Councillors Mary-Margaret McMahon (Ward 32, Beaches-East York) and Joe Mihevc (Ward 21, St. Paul’s West) want you to be able to keep chickens in your backyard. And by “you,” we mean people with backyards. They will be asking council next week to request a report on changing the city’s hen bylaw, which would be presented in February. But before you get too excited, the change would only allow people to keep the boring egg-laying kind of chickens, not the entertaining fighting kind. McMahon says people keeping hens will cause no trouble to neighbours, and, to prove her point, cites knowledge of a clandestine chicken ring already active in Toronto’s underground, as if that’s not totally weird.
It seems simple: don’t lie in court, especially when a person’s future is at stake.

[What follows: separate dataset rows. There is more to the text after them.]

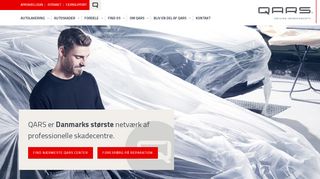 
                            6. LAKexperten | Autolakering i dokumenteret kvalitet til rette tid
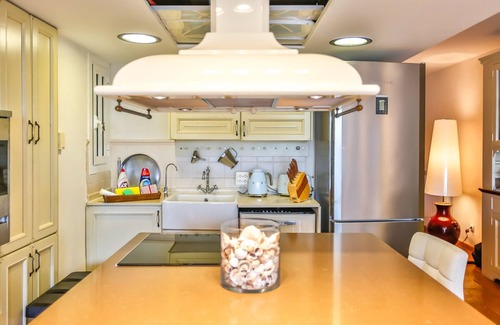 Sitges Condo | Exclusive duplex facing the sea in Sitges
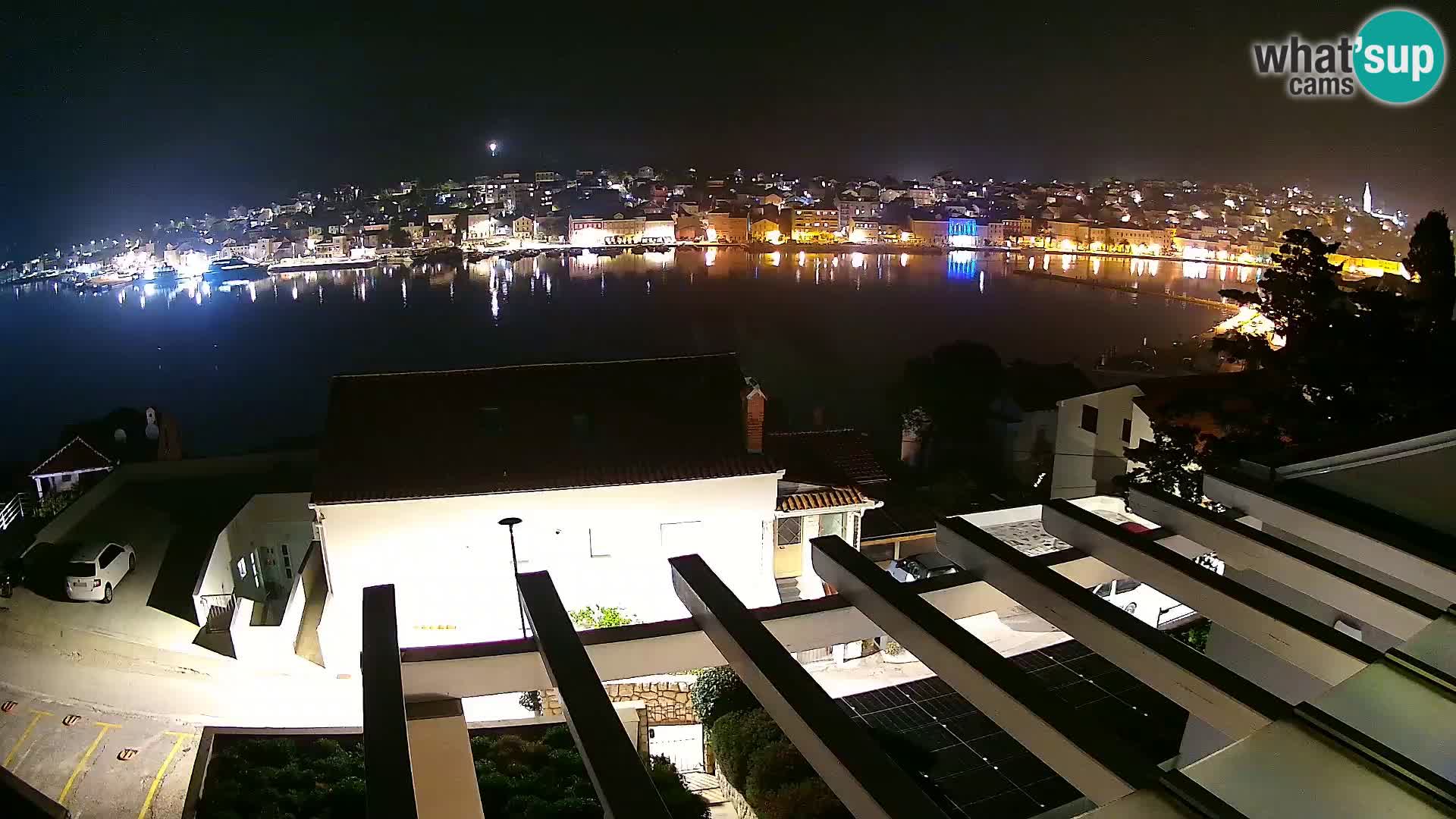 Mali Lošinj Riva Webcam – Hosted by RR Apartment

But apparently that’s not enough for some Toronto police officers, and after two incidents this month of officers caught with their fingers crossed in court, a defence lawyer is calling for the Toronto Police Services Board to track and penalize dishonest cops. And the board just might do that, after police chief Bill Blair and chairman Alok Mukherjee meet to discuss whether the police’s current system needs improvement. By the way, Blair has already said it doesn’t.
Toronto’s zoo board and the PAWS sanctuary in California have set a date of April 30 for the zoo’s three elephants to be moved to the sanctuary. If you’re feeling sad to see them go, think about it this way: at least you’ve got more time to watch the monkeys.